But for the one-off employer, these things are not obvious. It does not know the questions to ask, and it is unfortunately true that design teams do not always volunteer proper advice on these issues, but assume that the employer knows the game.
I am not suggesting that the design teams are always at fault in creating the circumstances that give rise to these issues, but they are inevitably sometimes less than open about the consequences.
The contracting industry has traditionally played the game. It has tendered on projects where design has barely reached work stage E and provisional and PC sums exceed 50% of the contract sum. The contract having been entered into and design information being issued late, with inevitable variations, the contractor then submits its claim. The design team try to evaluate it and make their recommendations.
Contractors know that these will be less than the amount they have submitted, so they inflate the claim.

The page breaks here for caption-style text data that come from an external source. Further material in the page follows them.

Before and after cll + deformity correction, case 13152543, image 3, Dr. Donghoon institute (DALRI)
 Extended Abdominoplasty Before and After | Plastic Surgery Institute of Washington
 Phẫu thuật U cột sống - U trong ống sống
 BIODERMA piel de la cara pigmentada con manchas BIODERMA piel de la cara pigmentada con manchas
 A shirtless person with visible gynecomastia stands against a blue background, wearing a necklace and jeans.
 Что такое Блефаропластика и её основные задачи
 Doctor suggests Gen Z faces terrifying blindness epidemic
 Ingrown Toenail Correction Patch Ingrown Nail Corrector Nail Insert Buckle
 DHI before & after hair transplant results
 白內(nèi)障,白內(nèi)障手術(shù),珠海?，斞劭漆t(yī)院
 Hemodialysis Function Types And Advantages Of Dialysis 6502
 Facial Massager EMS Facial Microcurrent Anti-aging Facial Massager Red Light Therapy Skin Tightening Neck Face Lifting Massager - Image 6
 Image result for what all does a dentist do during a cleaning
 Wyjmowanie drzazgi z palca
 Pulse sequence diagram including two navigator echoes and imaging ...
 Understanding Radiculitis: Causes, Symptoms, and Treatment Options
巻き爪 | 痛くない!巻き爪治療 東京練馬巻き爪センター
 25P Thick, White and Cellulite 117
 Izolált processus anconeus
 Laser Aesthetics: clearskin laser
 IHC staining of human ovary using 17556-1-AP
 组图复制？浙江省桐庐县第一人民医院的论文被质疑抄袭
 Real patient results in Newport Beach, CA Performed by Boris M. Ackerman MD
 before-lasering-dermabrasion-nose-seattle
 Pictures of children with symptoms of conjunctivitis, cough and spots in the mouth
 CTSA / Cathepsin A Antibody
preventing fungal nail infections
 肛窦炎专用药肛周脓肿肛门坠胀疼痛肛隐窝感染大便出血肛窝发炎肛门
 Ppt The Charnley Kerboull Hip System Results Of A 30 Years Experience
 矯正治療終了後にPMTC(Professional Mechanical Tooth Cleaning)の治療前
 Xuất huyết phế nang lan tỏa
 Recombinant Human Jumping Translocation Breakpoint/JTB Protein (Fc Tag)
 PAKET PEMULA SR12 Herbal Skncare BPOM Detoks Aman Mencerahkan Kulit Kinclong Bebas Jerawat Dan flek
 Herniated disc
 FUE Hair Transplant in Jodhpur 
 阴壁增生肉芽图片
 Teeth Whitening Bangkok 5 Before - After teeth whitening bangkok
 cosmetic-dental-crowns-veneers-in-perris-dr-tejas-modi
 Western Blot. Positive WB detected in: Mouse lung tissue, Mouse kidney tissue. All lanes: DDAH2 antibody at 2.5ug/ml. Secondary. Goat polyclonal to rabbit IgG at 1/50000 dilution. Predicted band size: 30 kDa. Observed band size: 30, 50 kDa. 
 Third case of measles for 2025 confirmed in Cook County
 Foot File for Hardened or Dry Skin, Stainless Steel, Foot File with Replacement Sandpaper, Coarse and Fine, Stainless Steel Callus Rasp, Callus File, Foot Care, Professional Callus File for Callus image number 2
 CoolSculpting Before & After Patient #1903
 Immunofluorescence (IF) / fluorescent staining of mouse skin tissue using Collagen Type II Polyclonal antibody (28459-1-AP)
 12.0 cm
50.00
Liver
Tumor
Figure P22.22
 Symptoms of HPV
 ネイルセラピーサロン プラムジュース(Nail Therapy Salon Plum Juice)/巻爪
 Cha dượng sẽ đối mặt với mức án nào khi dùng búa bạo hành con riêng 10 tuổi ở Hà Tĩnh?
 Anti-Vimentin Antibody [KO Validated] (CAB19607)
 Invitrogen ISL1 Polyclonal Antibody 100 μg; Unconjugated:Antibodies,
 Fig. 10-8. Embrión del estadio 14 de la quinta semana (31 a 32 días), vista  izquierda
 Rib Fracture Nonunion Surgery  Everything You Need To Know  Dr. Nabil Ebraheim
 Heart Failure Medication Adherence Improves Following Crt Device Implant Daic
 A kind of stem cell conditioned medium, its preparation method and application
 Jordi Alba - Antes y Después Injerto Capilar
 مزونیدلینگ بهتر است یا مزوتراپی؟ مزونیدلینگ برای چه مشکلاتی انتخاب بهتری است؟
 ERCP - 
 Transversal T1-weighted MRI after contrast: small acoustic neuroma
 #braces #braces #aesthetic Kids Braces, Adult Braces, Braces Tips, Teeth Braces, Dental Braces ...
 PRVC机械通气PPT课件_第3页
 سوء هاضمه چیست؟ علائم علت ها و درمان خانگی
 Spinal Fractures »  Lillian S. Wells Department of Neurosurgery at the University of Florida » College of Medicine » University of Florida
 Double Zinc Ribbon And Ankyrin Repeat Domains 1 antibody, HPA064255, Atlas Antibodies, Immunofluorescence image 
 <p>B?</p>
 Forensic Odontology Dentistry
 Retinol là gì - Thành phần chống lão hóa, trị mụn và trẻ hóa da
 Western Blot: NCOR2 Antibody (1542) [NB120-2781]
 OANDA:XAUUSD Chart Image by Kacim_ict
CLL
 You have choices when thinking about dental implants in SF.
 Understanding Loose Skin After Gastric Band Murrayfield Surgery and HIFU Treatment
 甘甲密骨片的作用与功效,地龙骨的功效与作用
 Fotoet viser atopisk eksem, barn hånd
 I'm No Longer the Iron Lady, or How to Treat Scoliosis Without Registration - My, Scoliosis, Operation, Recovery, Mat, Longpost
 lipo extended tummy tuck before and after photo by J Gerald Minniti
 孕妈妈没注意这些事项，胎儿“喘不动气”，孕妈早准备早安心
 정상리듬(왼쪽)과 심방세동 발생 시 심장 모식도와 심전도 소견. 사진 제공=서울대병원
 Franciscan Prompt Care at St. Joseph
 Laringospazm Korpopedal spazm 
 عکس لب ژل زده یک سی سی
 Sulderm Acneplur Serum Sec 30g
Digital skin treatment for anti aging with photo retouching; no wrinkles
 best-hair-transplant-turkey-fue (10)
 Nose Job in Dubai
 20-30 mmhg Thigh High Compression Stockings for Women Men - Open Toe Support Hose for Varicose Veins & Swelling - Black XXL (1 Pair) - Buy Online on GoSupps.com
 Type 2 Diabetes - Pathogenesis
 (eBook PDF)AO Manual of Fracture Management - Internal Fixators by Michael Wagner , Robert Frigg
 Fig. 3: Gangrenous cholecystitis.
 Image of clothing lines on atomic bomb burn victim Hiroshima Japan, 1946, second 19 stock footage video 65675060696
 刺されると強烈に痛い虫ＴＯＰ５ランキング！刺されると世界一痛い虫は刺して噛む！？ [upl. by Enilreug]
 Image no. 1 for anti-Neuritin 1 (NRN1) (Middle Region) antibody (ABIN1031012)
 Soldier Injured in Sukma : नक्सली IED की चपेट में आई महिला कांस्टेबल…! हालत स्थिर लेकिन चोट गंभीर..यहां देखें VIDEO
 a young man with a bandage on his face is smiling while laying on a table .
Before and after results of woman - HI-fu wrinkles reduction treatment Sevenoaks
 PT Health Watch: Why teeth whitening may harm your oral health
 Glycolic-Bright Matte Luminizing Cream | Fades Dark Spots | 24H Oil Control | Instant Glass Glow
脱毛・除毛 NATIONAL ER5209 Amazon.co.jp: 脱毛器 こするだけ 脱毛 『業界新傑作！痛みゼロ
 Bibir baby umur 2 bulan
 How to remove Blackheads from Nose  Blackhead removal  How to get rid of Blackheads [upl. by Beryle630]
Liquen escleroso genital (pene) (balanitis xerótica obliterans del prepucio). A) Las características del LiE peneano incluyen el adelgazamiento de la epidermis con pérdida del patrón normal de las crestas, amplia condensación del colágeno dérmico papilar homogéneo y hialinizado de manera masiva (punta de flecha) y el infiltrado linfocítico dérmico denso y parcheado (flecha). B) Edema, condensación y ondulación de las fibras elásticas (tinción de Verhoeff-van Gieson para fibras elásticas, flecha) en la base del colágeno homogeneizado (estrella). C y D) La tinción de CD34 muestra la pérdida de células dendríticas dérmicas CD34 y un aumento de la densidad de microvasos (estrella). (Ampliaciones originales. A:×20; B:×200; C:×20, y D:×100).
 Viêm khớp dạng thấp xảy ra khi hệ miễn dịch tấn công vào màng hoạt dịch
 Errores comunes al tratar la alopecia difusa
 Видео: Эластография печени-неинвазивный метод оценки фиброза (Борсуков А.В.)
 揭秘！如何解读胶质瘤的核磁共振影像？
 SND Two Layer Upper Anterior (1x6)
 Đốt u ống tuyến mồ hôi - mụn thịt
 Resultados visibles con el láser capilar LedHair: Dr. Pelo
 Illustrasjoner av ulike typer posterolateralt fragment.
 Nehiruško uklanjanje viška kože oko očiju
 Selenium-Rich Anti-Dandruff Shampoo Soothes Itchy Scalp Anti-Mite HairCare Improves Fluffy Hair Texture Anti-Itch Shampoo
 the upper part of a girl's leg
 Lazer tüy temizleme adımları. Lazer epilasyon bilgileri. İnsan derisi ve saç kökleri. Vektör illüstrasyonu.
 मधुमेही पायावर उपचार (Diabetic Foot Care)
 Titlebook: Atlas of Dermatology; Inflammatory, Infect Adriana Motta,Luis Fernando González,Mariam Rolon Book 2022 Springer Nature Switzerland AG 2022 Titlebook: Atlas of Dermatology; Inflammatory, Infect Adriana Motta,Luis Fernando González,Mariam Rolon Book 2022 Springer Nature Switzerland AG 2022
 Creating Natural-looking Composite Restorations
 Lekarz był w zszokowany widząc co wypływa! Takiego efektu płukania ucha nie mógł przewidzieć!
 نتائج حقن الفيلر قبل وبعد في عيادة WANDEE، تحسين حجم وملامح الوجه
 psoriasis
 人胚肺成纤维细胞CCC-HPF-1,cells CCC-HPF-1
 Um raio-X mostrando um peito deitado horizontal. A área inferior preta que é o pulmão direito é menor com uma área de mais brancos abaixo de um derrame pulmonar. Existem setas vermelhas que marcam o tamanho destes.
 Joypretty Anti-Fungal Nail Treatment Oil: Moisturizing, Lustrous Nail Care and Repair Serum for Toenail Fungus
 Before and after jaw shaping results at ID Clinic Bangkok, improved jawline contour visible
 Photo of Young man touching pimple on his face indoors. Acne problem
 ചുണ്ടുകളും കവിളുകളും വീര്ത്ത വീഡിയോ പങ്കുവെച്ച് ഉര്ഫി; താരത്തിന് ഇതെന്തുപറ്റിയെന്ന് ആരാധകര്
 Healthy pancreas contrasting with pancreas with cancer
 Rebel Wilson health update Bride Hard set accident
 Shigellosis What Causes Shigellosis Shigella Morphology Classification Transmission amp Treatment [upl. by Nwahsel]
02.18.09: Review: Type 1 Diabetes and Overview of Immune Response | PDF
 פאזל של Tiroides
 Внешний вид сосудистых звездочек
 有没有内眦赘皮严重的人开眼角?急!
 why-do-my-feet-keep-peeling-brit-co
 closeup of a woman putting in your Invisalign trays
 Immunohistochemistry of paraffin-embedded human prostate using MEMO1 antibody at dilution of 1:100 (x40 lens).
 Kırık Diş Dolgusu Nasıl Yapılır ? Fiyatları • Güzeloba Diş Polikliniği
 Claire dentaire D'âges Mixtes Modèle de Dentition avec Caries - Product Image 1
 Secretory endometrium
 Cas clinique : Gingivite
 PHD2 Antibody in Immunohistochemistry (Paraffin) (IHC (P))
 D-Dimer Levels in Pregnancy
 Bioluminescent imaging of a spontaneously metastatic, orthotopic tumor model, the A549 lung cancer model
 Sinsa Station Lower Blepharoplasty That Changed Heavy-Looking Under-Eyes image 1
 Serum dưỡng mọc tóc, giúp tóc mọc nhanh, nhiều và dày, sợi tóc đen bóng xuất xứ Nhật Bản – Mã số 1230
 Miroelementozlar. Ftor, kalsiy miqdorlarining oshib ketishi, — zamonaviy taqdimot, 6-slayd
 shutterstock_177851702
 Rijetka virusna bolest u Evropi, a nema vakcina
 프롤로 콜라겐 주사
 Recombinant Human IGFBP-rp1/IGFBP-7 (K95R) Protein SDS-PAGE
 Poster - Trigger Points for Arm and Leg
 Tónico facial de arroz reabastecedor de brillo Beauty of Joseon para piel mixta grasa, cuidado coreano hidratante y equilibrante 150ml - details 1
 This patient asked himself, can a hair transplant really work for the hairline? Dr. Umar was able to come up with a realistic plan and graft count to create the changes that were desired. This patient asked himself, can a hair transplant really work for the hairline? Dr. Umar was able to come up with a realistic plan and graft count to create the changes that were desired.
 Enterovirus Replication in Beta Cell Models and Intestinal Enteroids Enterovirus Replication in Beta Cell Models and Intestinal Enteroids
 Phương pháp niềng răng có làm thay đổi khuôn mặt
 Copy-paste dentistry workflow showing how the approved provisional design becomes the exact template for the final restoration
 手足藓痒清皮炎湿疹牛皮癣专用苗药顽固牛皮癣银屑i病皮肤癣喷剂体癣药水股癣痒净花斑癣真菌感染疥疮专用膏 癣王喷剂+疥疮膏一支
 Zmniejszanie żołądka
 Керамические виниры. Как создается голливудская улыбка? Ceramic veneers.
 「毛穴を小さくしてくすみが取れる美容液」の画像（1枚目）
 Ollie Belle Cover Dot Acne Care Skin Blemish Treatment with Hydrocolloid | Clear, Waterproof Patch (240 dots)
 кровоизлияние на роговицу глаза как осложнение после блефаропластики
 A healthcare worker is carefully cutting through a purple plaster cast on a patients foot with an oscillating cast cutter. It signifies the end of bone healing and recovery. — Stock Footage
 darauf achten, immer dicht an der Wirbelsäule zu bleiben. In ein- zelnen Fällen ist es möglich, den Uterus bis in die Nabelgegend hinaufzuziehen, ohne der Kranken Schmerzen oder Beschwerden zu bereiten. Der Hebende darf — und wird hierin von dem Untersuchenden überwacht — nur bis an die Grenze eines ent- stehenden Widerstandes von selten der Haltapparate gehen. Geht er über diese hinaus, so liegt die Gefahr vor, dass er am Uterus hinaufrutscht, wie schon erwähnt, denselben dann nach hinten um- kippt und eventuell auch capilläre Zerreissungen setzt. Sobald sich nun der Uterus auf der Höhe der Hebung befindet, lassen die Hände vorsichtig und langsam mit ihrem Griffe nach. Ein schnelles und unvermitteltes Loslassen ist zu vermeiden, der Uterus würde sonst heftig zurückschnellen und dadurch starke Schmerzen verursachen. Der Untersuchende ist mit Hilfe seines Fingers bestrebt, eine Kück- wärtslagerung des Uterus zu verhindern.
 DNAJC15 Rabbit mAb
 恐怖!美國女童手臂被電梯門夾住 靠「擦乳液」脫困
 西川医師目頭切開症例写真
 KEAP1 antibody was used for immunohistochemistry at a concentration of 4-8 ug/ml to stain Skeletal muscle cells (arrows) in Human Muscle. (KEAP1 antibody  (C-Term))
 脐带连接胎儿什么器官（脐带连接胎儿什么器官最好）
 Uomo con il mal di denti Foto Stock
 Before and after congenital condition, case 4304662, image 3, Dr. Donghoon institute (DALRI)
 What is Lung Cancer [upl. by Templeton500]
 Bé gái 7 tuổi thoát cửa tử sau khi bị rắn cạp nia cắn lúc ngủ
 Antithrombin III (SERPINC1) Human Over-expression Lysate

Claims consultants are instructed and disputes, even in these enlightened days, ensue.
But the root cause of the problem is the fact that the employer is not receiving objective advice when it needs it most – at tender stage. Is it naive to expect the contracting industry to play its part here, rather than carp from the sidelines about bad practice?
Why can't tenderers note in covering letters addressed to the employer their concerns about the state of completeness of the design, the amount of provisional sums and so forth.
If they want to avoid disputes, they should do this. If they want to partner with employers, they must.
Ann Minogue is a partner in solicitor CMS Cameron McKenna.